===== Input material

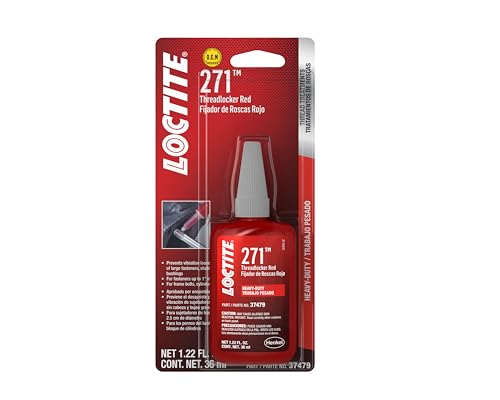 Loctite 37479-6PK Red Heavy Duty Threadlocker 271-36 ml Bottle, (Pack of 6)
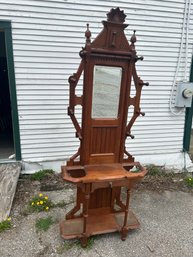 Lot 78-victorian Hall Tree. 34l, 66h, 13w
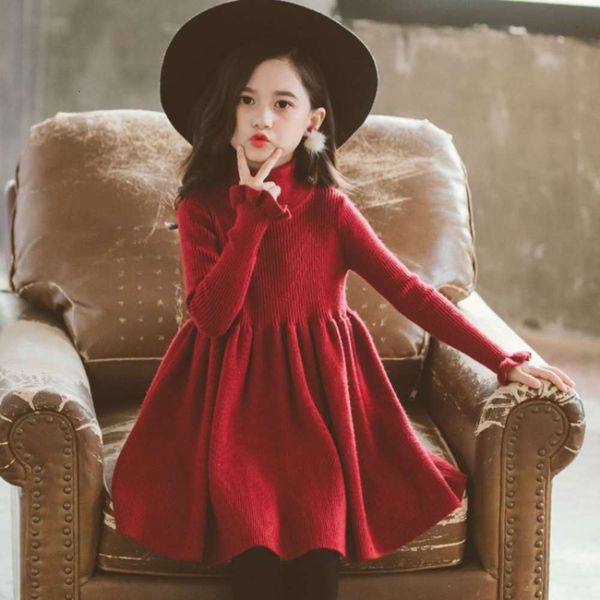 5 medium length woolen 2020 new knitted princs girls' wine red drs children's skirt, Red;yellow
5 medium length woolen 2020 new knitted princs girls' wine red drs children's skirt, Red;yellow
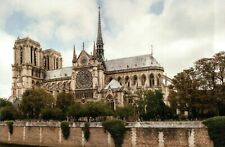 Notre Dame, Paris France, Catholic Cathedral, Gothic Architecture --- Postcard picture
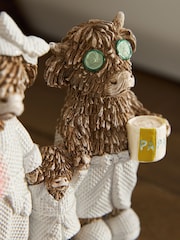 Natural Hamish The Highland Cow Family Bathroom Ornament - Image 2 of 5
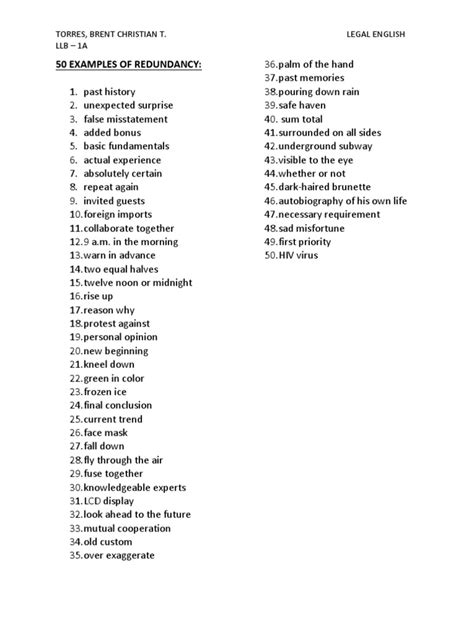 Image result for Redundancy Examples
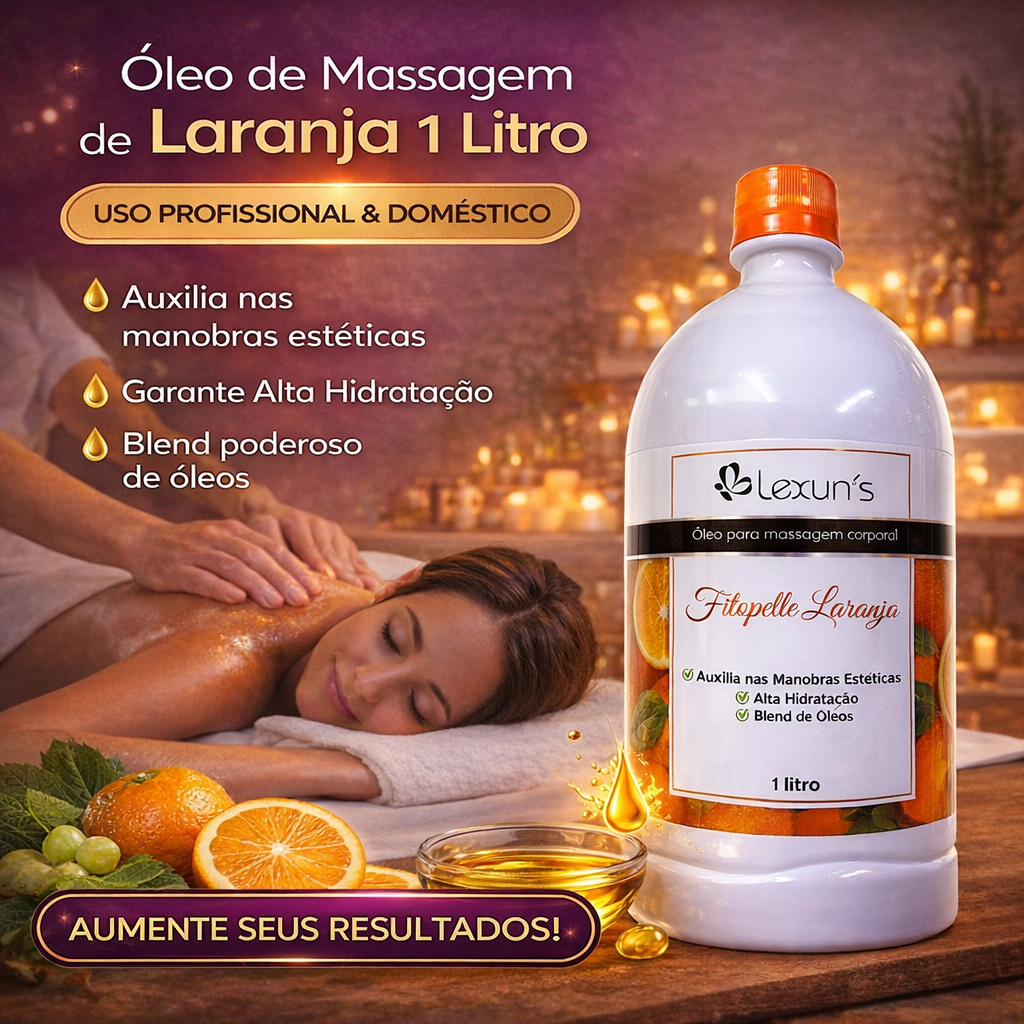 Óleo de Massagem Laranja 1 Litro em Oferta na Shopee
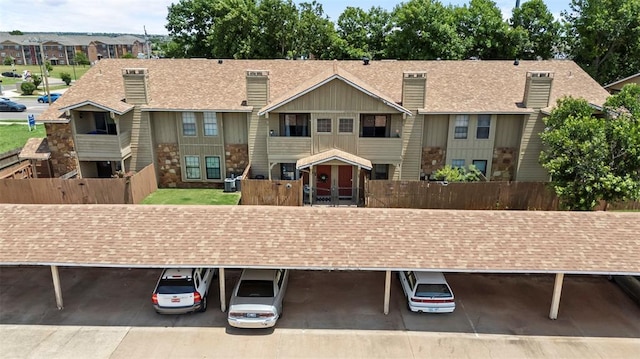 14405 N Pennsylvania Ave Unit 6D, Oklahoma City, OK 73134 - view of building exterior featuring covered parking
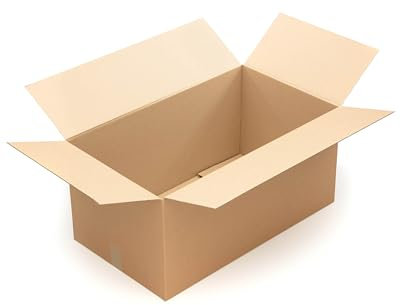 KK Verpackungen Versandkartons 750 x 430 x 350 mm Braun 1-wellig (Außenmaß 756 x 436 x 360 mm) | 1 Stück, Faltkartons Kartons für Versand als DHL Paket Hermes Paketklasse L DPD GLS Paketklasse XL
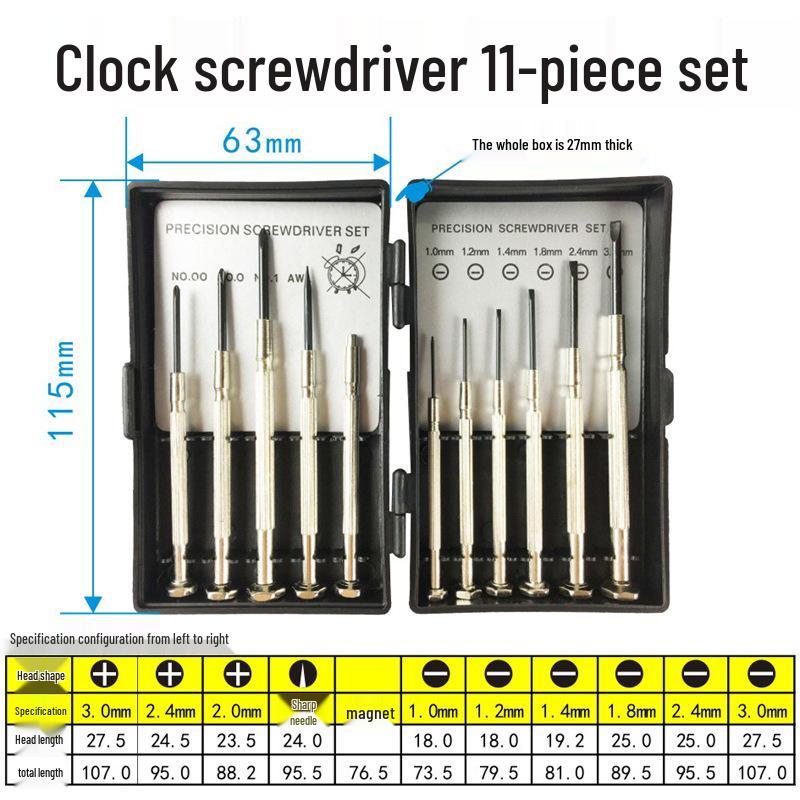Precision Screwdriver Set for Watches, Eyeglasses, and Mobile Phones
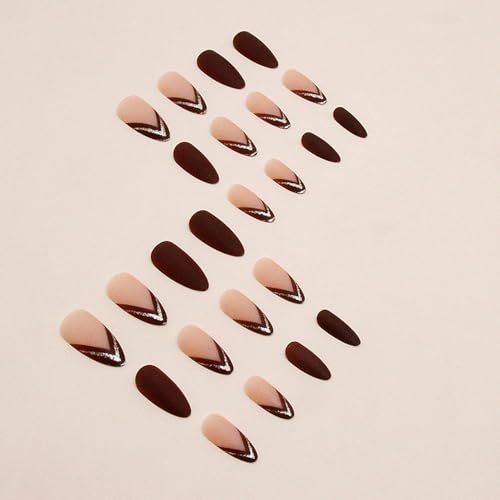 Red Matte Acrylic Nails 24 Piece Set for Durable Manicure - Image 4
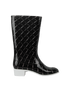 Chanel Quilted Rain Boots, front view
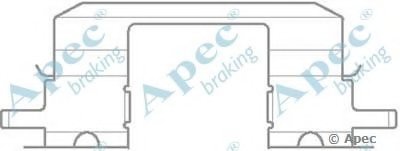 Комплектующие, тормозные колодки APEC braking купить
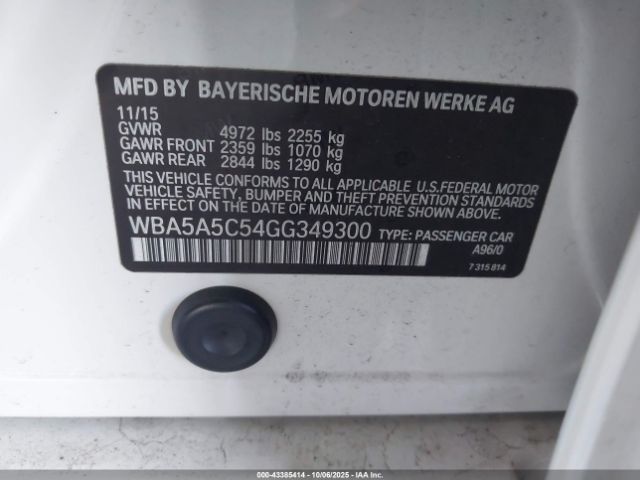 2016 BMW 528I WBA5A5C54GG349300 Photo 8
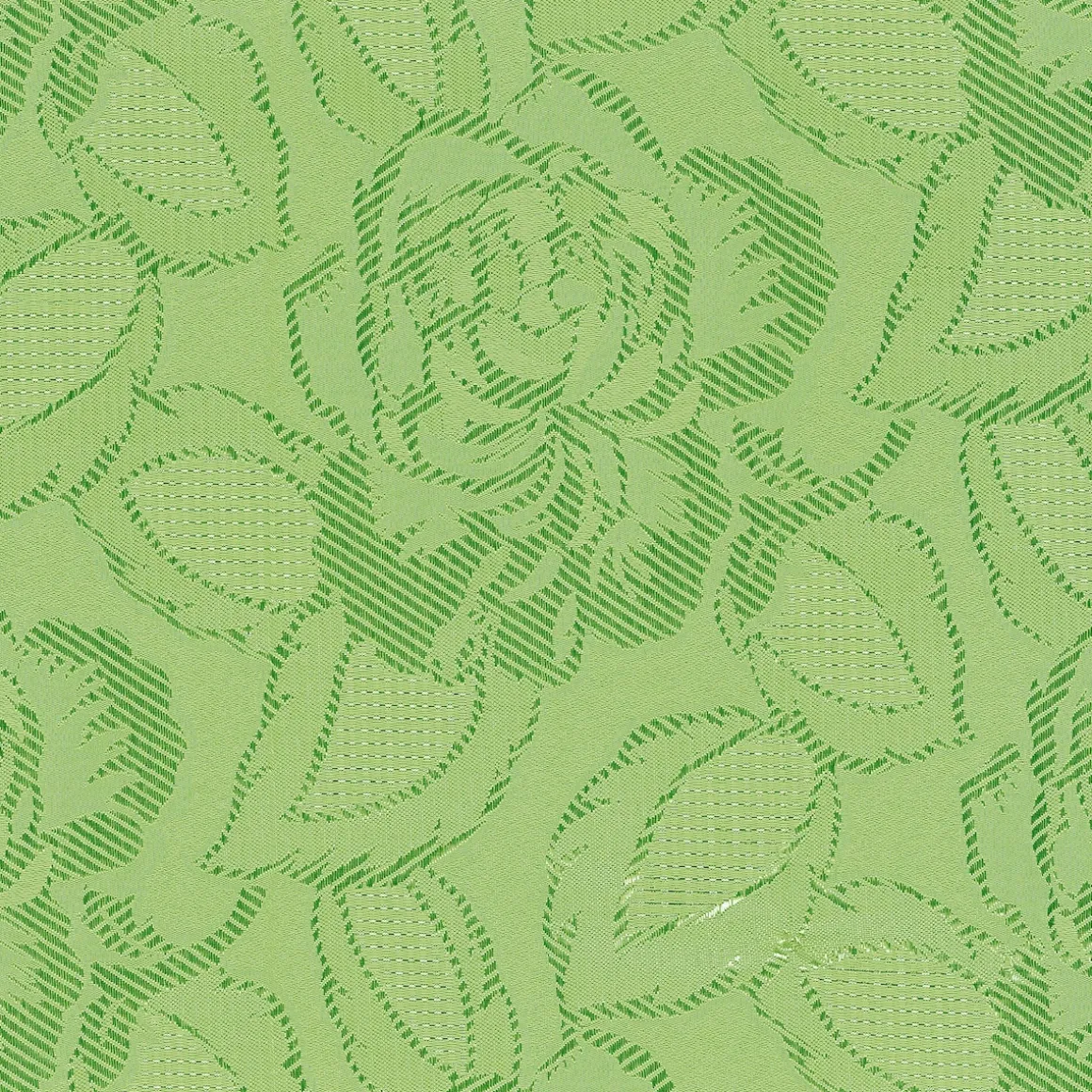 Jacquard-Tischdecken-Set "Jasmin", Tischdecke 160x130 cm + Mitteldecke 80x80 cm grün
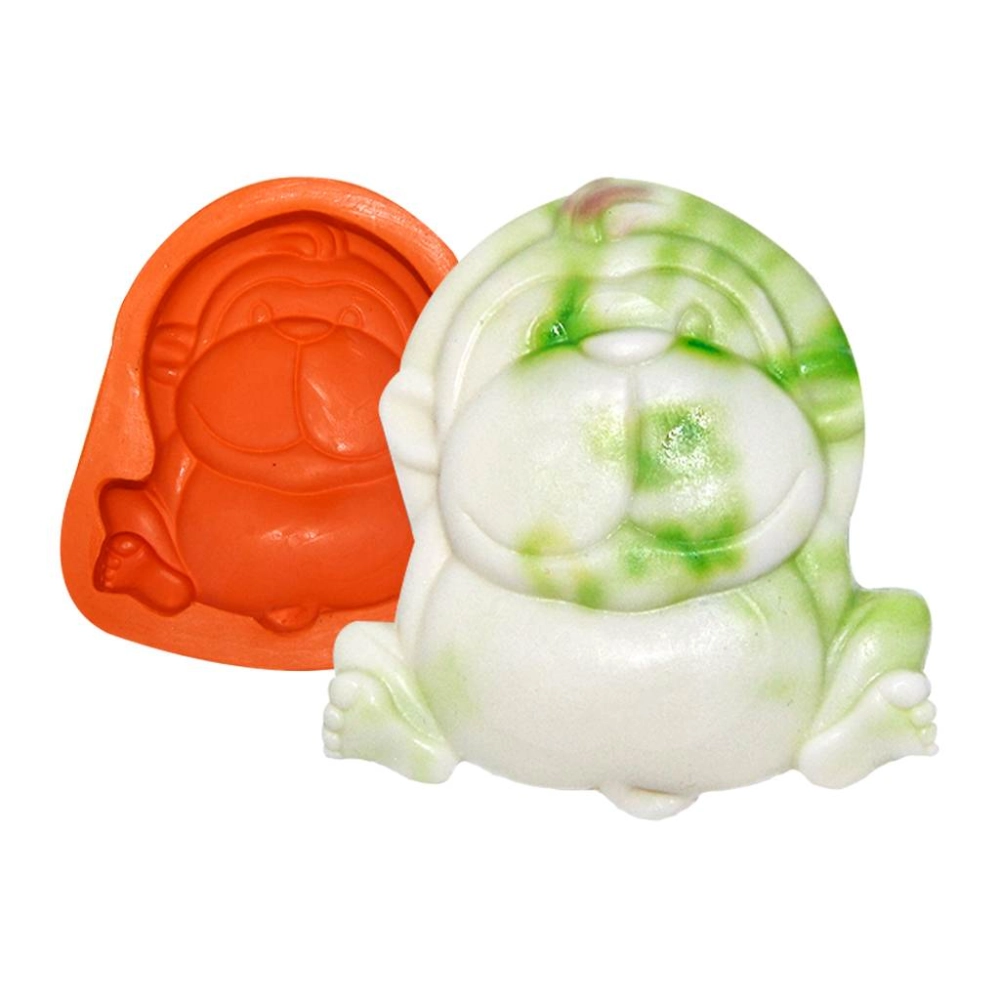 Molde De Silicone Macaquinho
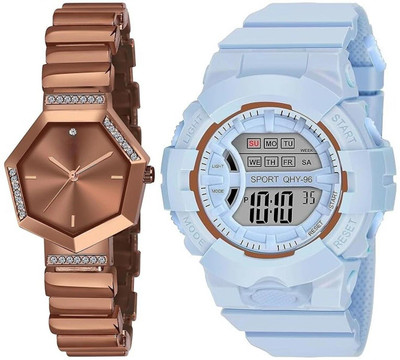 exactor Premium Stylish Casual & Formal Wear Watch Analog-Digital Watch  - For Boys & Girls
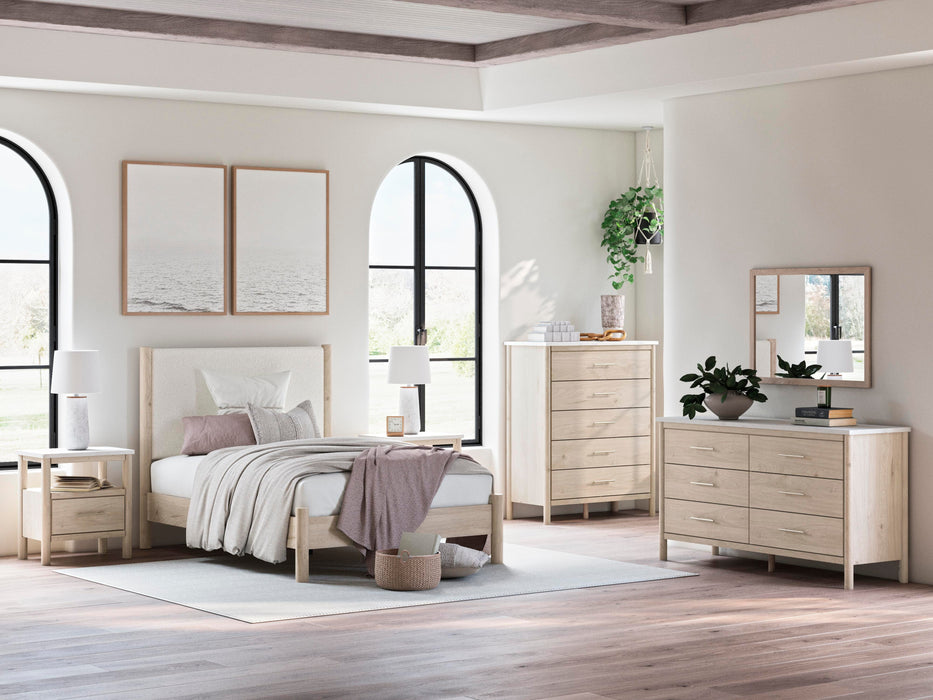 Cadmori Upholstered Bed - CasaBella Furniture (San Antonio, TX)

==========

## Work instruction:
Write out the line that contains "80x80 cm grün" and every line after it to the end of the data, exactly as they stand. Omit the pictures.

## Answer area:
 Jacquard-Tischdecken-Set "Jasmin", Tischdecke 160x130 cm + Mitteldecke 80x80 cm grün
 Molde De Silicone Macaquinho
 exactor Premium Stylish Casual & Formal Wear Watch Analog-Digital Watch  - For Boys & Girls
 Cadmori Upholstered Bed - CasaBella Furniture (San Antonio, TX)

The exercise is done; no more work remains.